# Thread: Find derivative using product rule....

1. ## Find derivative using product rule....

Thank You bobak (this is last one) tryed to multiply but didnt get right answer.

Find derivative using product rule

f(b) = (b^2 - 4b + 2)(2[b]^3 - b^2 + 4)

2. Well, we have:

$\displaystyle f(b) = (b^2 - 4b + 2)(2b^3 - b^2 + 4)$

We can say that:

$\displaystyle g(b) = b^2 - 4b + 2$
$\displaystyle h(b) = 2b^3 - b^2 + 4$

We know that:

$\displaystyle \frac{dy}{db}[g(b)h(b)] = g'(b)h(b) + h'(b)g(b)$

So we just plug in and simplify:

$\displaystyle f'(b) = (2b - 4)(2b^3 - b^2 + 4) + (6b^2 - 2b)(b^2 - 4b + 2)$

$\displaystyle f'(b) = (4b^4 - 2b^3 + 8b - 8b^3 + 4b^2 - 16) + (6b^4 - 24b^3 + 12b^2 - 2b^3 + 8b^2 - 4b)$

$\displaystyle f'(b) = 10b^4 -36b^3 + 24b^2 + 4b - 16$

The best way to verify this would be to multiply out the original equation above and use the power rule:

$\displaystyle f(b) = (b^2 - 4b + 2)(2b^3 - b^2 + 4)$

$\displaystyle f(b) = 2b^5 - b^4 + 4b^2 - 8b^4 + 4b^3 - 16b + 4b^3 - 2b^2 + 8$

$\displaystyle f(b) = 2b^5 -9b^4 + 8b^3 + 2b^2 - 16b + 8$

$\displaystyle f'(b) = 10b^4 - 36b^3 + 24b^2 + 4b - 16$

They match exactly.

3. Originally Posted by eniav
Thank You bobak (this is last one) tryed to multiply but didnt get right answer.

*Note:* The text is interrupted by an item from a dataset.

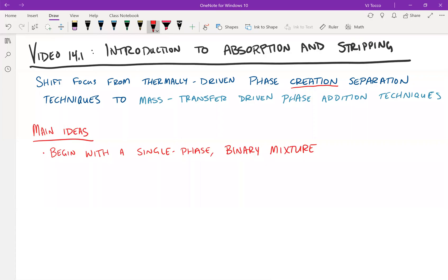The main ideas of absorption and stripping processes are as follows. Just like distillation, we'll be beginning with a single phase binary mixture that we wish to separate from each other. Unlike distillation though, we are not seeking pure both components. In absorption and stripping, typically we're interested in purifying one of the components and removing the second component from that stream, either for the purposes of purification or release back into the environment if we're talking about a wastewater stream or a waste gas stream.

Find derivative using product rule

f(b) = (b^2 - 4b + 2)(2[b]^3 - b^2 + 4)
First, recall the product rule:

$\displaystyle \frac {d}{dx}\ [f(x)g(x)] = f(x)g'(x) + f'(x)g(x)$

Let $\displaystyle f(b) = f(x)g(x)$, where:

$\displaystyle f(x) = x^2-4x+2$

and

$\displaystyle g(x)=2x^3-x^2+4$

From this, you should be able to get your answer. To check your work, simply multiply out the original equation and find the derivative using the power rule.